PySpark Job Optimization Techniques (Part - II )

1. Broadcast Join

When dealing with the challenge of joining a larger DataFrame with a smaller one in PySpark, the conventional Spark join operation can become resource-intensive in terms of both memory and time. This is particularly evident when the larger DataFrame is distributed across multiple nodes within a cluster. In such cases, bringing the data together on the same node becomes a crucial optimization.

PySpark addresses this issue through a strategy known as broadcasting, which significantly enhances the efficiency of join operations. The key principle involves broadcasting the smaller DataFrame to all executors, allowing each executor to retain a local copy of this DataFrame in memory.

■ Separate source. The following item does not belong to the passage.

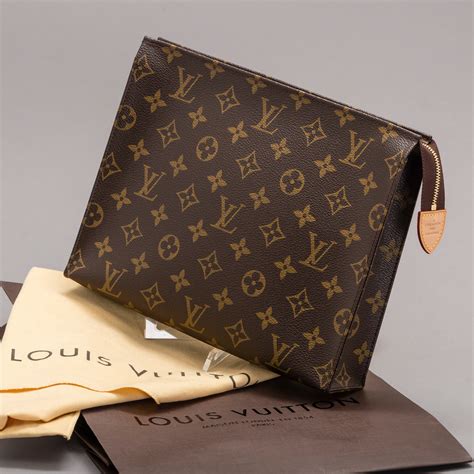 louis vuitton toiletry bag 25|louis vuitton toiletry pouch 26.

For successful execution, the combined memory footprint of both the Driver and Executor must be sufficient to accommodate the smaller DataFrame. If this memory requirement is not met, out-of-memory errors can occur, hindering the performance gains achieved through broadcasting.

from pyspark.sql.functions import broadcast

df_large_file = spark.read.csv("/school/names.csv", inferSchema=True, header=True)
df_small_file = spark.read.csv("/school/marks.csv", inferSchema=True, header=True)

df_large_file.join(broadcast(df_small_file), 
                   df_small_file.department_id == df_large_file.department_id
                   ).explain()

2. Avoid Data Shuffling and Use ReduceByKey instead of GroupByKey

Shuffling represents a resource-intensive operation in Spark jobs, demanding significant time and memory resources. Its impact on performance is considerable, making it imperative to proactively minimize the occurrence of shuffles.

Let's leverage Spark's capability to set the number of partitions for shuffle operations.

spark.conf.set("spark.sql.shuffle.partitions",100)

ReduceByKey() vs GroupByKey()

ReduceByKey internally reduces the same key value and then shuffles the data but groupByKey shuffles data and then they try reducing it.

Example GroupByKey:-

Example ReduceByKey() -

words = ["Alice", "Beta", "Cat", "Don", "Elly", "Fairy"]
wordPairsRDD = spark.sparkContext.parallelize(words).map(lambda word : (word, 1))

wordCountsWithReduce = wordPairsRDD.reduceByKey(lambda x,y: x+y).collect()

wordCountsWithGroup = wordPairsRDD.groupByKey().map(lambda x:(x[0], len(x[1]))).collect()